A harsh and ardent word to use. It delves into the presence of thinking that what worked is no longer present either physically or psychologically. The need of reconstruction may be laid upon us by others , being out of style within our outer or inner worlds.
It hit me like a metal bolt grazing a bright yellow construction helmet , so quiet and yet jarring that this is what I am,,, under construction, restricting from the framework that fed my soul and my logistics for quite a long time. Even in my healing process from person, place or things , I have been like a sculpture adding wet clay to the already formed figure unable to pinch off pieces that no longer serve my form or effort. It hit me that my framework may be totally whole as it is and the finishing touches are already present around me…the presence of friends, books, family ties, travel or dipping into a different environment. Their presence may be in nature, in children or ideas floating ghostlike in the universe.

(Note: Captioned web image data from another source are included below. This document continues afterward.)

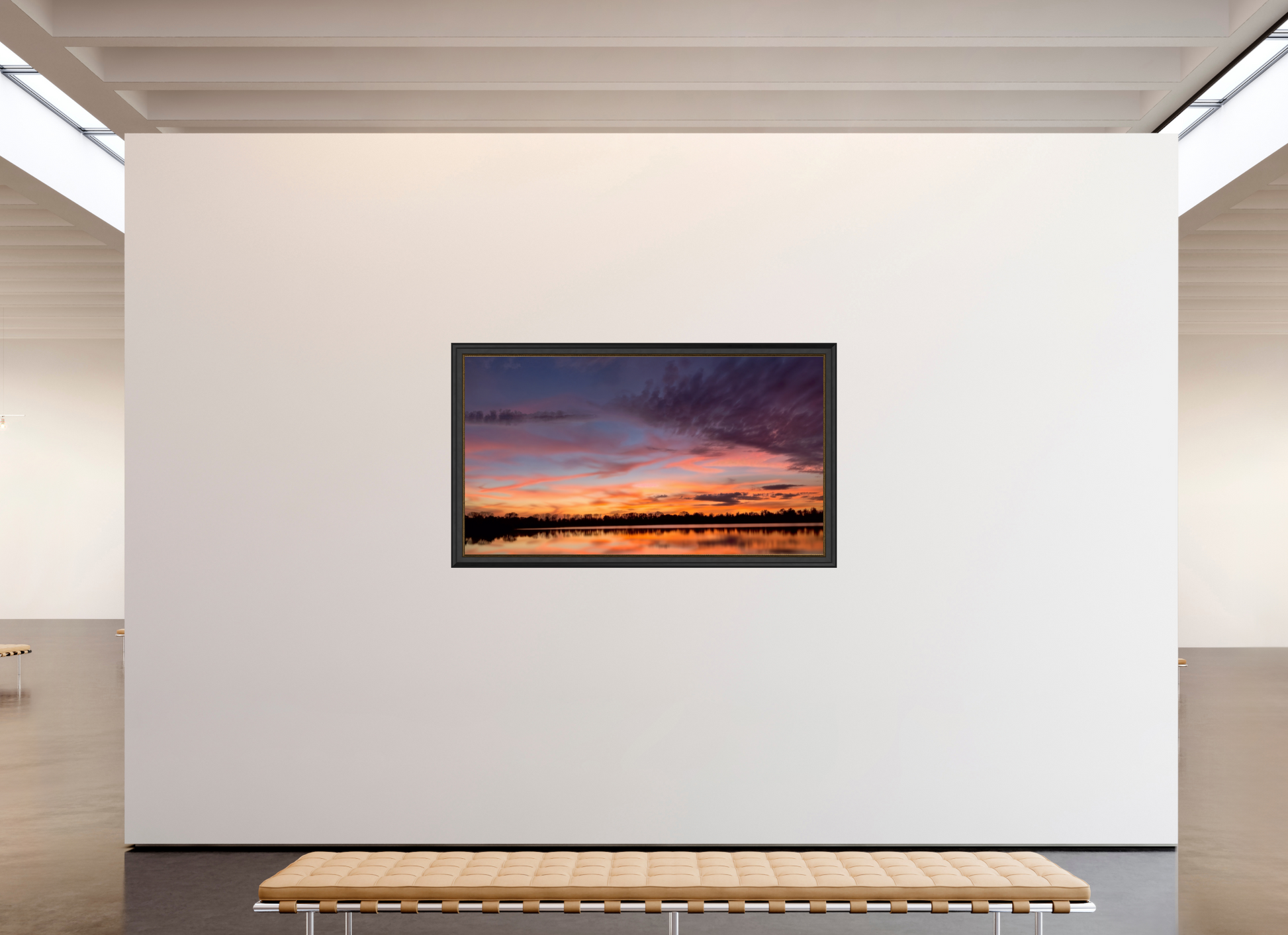 179,7 x 100 cm, Cadre Noir-Or 12 Reflets d’un Même Ciel XII – Les Voiles du Crépuscule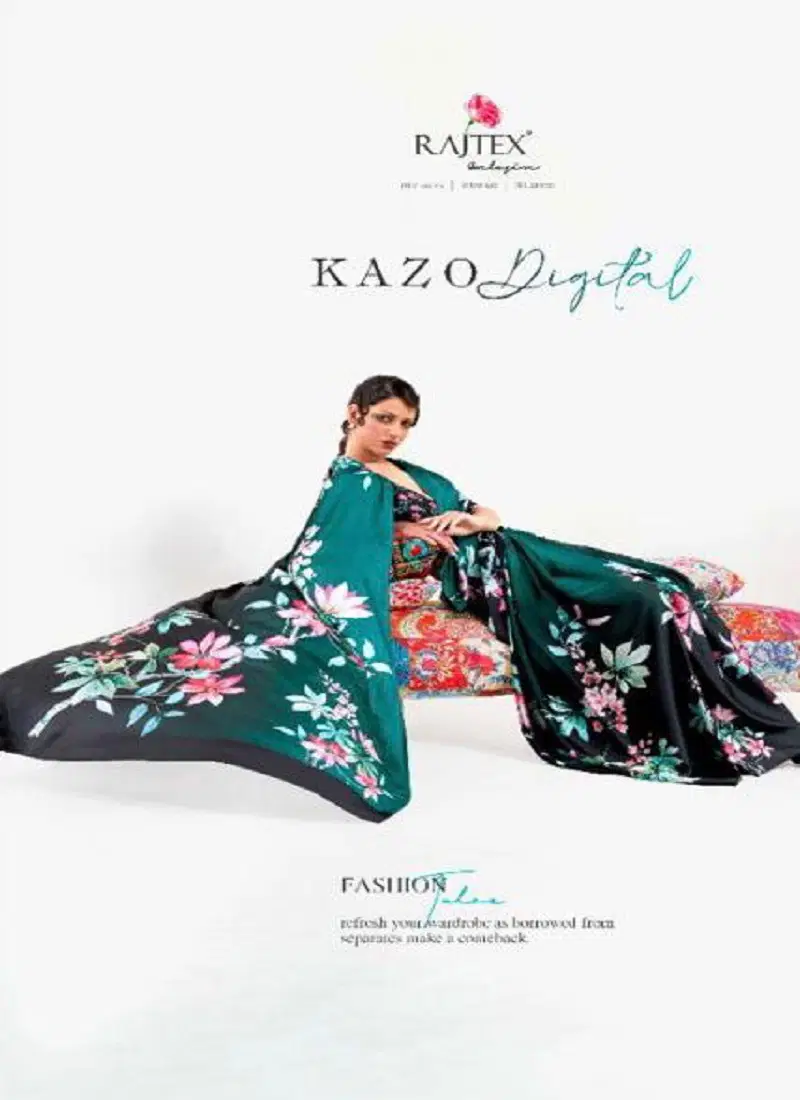 Kazo Digital By Rajtex Japan Satin Crepe Designer Saree Orders In India Catalog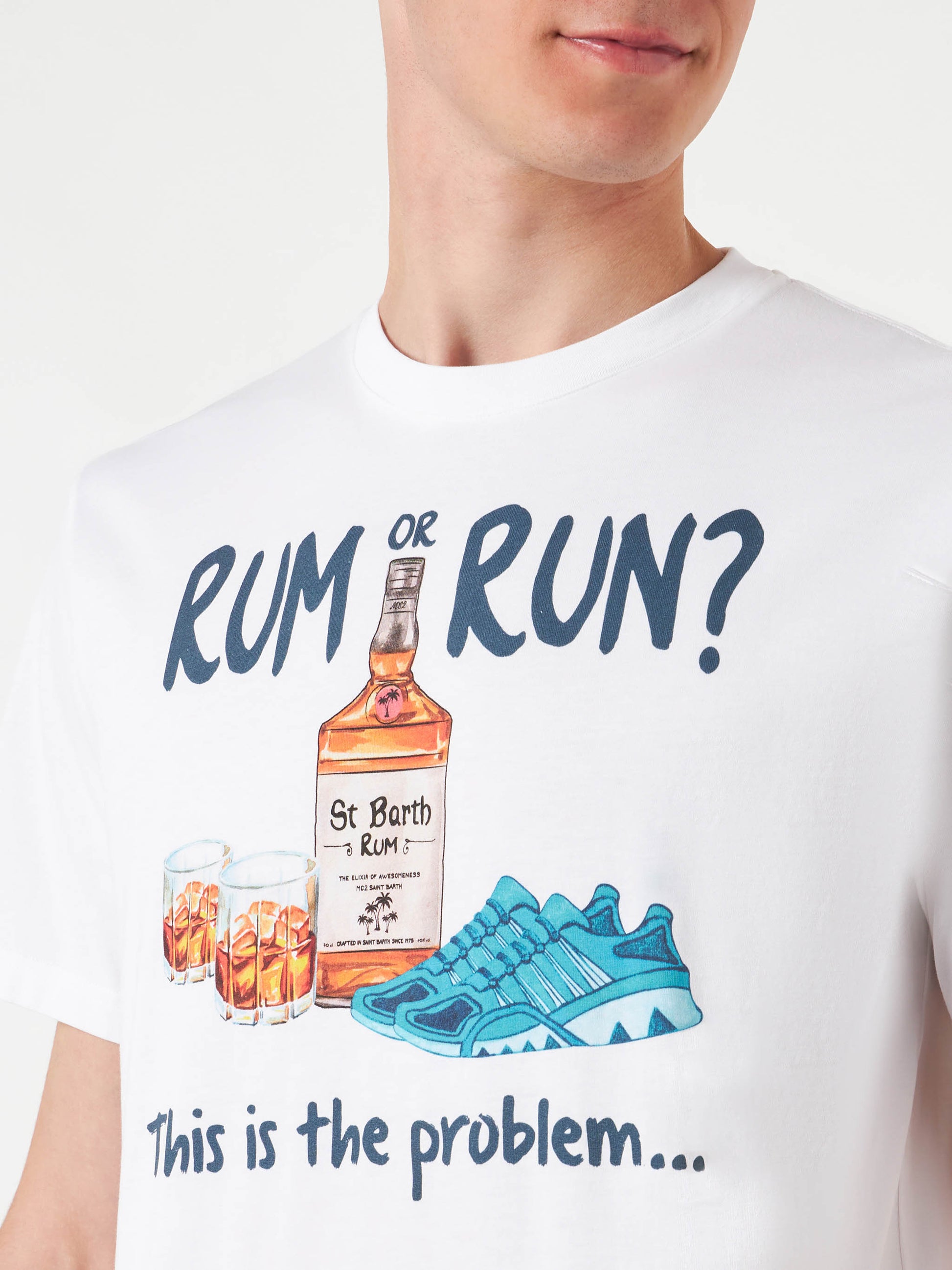 Man cotton t-shirt with Rum or Run print - MC2 Saint Barth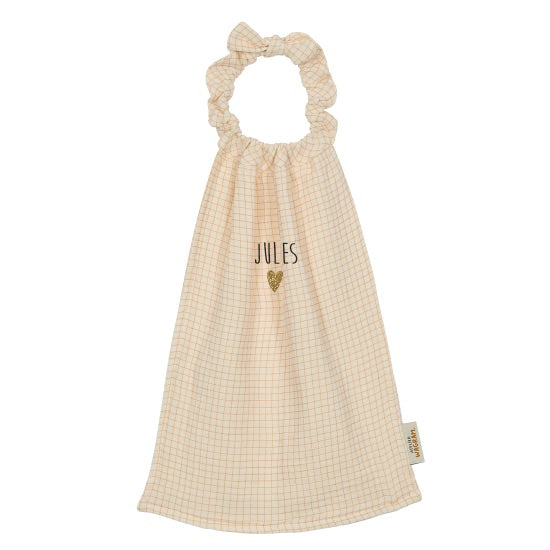 Serviette de cantine en gaze petits carreaux Atelier Wagram personnalisable.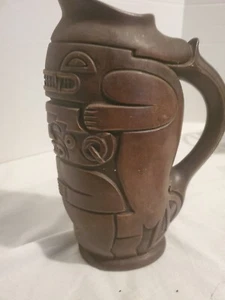 Vintage Mexican Clay Pottery Water Pitcher Mexican Aztec  - Picture 1 of 7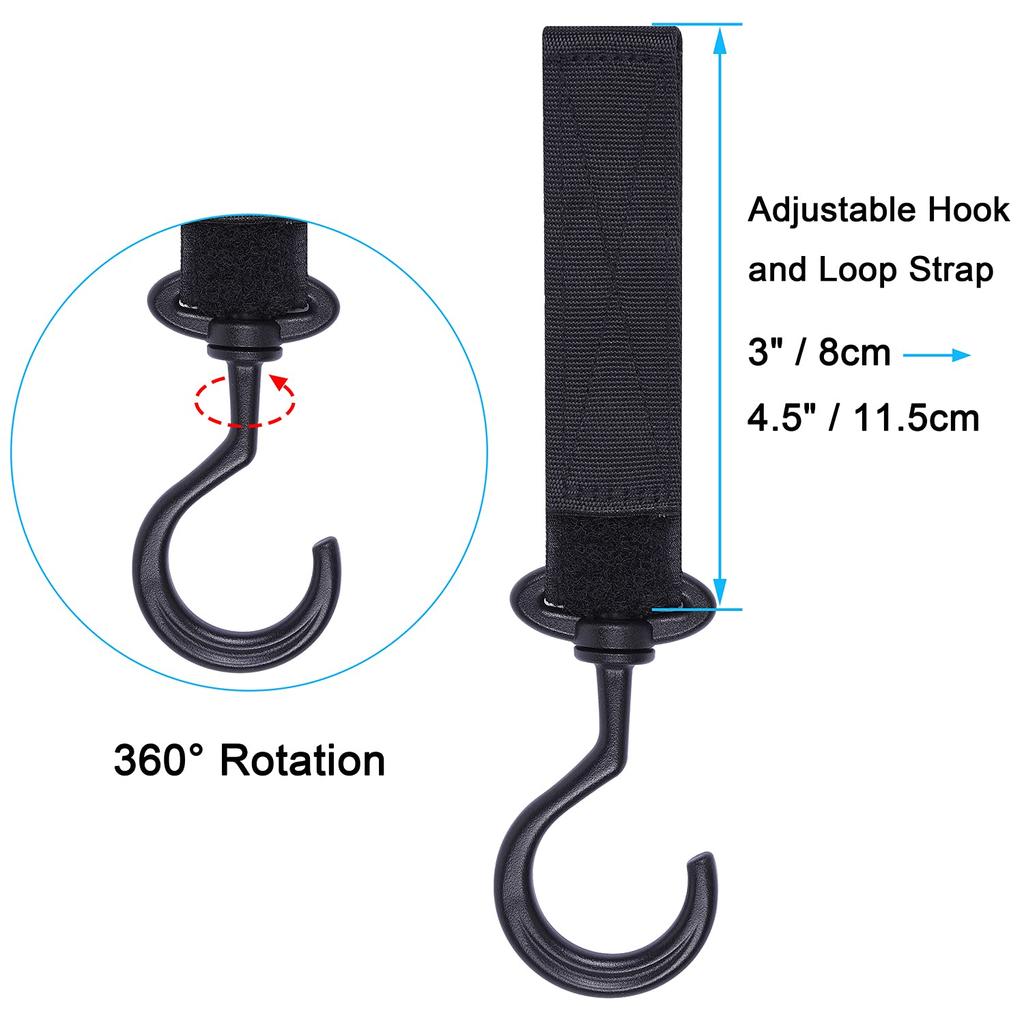 Wisdompro Car Storage Hooks 4 Pack Car Seat Hooks Luggage Hanger Headrest Hooks, Load Capacity 22.8 lbs (10 kg), Easy Installation, Black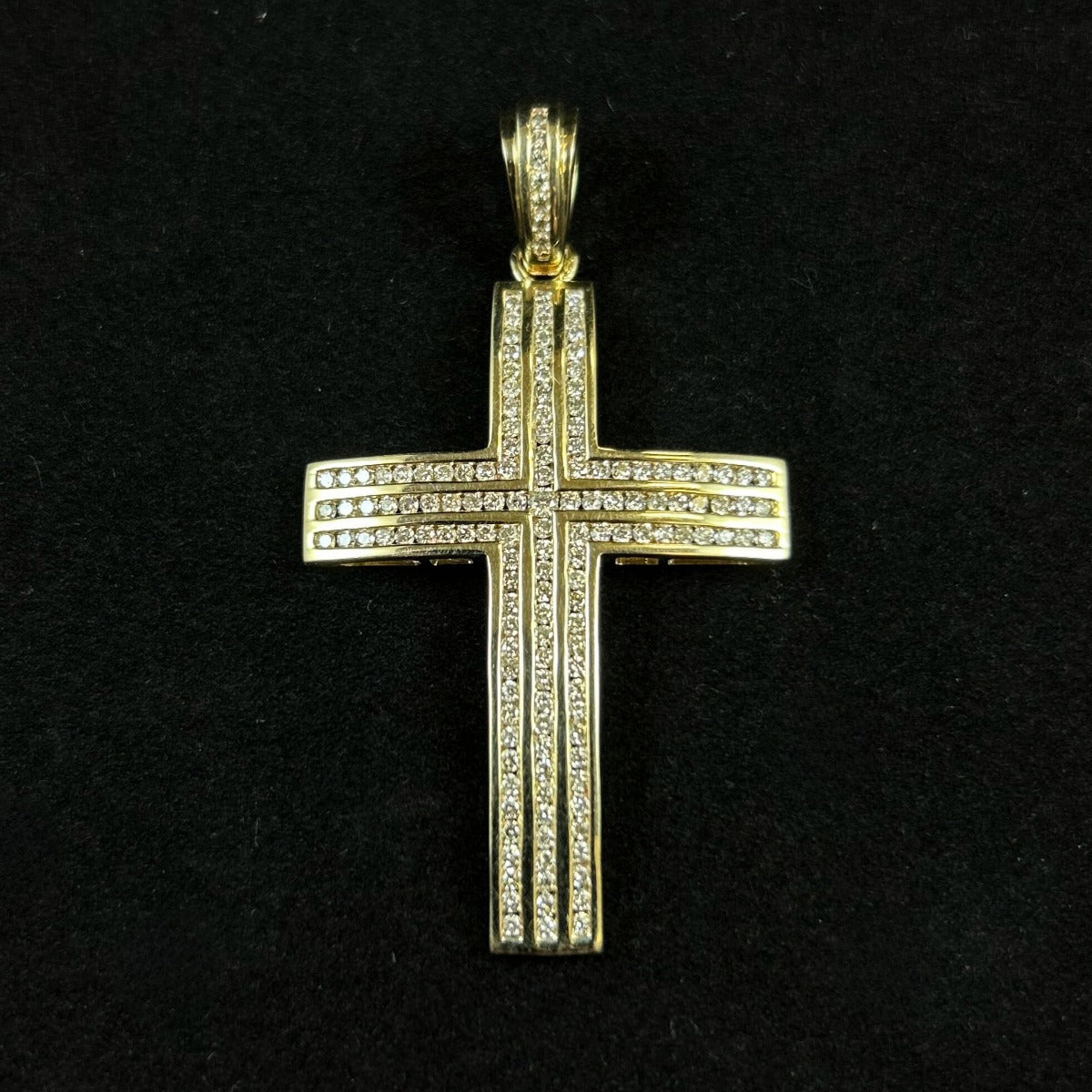 10K Yellow Gold Cross 1.5CTTW 3 Rows of Diamonds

This is not a time of tearing apart my body and soul in reconstruction. Lingering in thoughts of where to go, what to do, whom to be as I near the age of suggested retirement is not fruitful.
It dawned on me, this Saturday afternoon as the blistery wind tossed the crispy leaves in circles and lines across my yard, that I can start fresh now.. I am not dormant or crinkled waiting for “something to speak to me” ,rather I can build with seeds already present. I am not static but sliding on a course unknown with a changing body and fruitful presence .
Construct rather than reconstruct. Yes, Construct. Going forward rather than feeling inadequate in one's present state.
This is the day that the Lord has made ( is making) let us rejoice and be glad in it.